We are encountering an issue with our Jetson Xavier NX on a custom carrier board using a kernel version based on L4T 32.4.3.
We are running an application that streams video from 3 cameras over a network using RTSP. Recently we changed the RTSP handling method slightly, where now our application connects to a docker image running rtsp-simple-server (GitHub - bluenviron/mediamtx: Ready-to-use SRT / WebRTC / RTSP / RTMP / LL-HLS media server and media proxy that allows to read, publish, proxy and record video and audio streams.), and our client application connects over the network to the docker container (previously we had no docker container, so the client connected directly to the application). What we are seeing now is that after a couple of hours of streaming, there are several kernel messages about the TX ring buffer queue being full, and some time after that all communication is lost over the ethernet interface. There is no ping to or from the machine, although ifconfig still shows an IP address. I can also see that the output of ‘ethtools -S eth0’ has the tx and rx packet no longer increasing. I can recover the eth0 interface by bringing it down and up again using ifconfig.

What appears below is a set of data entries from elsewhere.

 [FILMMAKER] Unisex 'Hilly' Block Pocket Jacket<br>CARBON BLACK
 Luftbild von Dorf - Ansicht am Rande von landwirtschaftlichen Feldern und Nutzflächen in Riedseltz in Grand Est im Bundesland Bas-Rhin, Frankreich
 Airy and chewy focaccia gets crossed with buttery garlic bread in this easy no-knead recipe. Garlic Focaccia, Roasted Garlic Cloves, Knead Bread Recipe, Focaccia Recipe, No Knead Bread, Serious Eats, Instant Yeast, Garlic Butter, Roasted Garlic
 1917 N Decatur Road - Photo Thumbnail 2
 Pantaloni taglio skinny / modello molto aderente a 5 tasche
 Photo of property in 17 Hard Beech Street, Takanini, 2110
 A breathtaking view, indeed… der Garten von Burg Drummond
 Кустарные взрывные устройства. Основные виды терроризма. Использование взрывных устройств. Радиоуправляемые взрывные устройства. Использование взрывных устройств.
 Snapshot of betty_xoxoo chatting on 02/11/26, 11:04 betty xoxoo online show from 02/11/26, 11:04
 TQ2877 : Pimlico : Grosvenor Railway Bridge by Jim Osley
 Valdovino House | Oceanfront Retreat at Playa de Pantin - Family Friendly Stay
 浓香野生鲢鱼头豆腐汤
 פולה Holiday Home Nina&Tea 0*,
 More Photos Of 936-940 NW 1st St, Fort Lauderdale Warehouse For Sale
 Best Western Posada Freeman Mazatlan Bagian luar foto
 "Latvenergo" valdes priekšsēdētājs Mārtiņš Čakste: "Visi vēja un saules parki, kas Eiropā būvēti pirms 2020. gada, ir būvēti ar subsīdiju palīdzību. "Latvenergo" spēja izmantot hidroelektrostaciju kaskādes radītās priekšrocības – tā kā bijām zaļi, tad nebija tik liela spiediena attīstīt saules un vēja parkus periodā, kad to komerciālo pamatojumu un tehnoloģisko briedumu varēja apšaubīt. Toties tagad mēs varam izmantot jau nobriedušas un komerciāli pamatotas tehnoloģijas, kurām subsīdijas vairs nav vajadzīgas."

I’m not sure if any of this information is useful but: I have tried changing the size of the TX buffer using ethtools but it seems the eqos driver doesn’t have an interface for doing this. I can also see that the eqos driver has 8 buffers but only one is ever used (index 0). We have also tried running simple-rtsp-server outside of the docker container and see the same results.
Even if the TX buffer is genuinely full, I don’t expect this to completely kill all connection over the ethernet interface, so what’s going on? Any ideas on how to further troubleshoot this?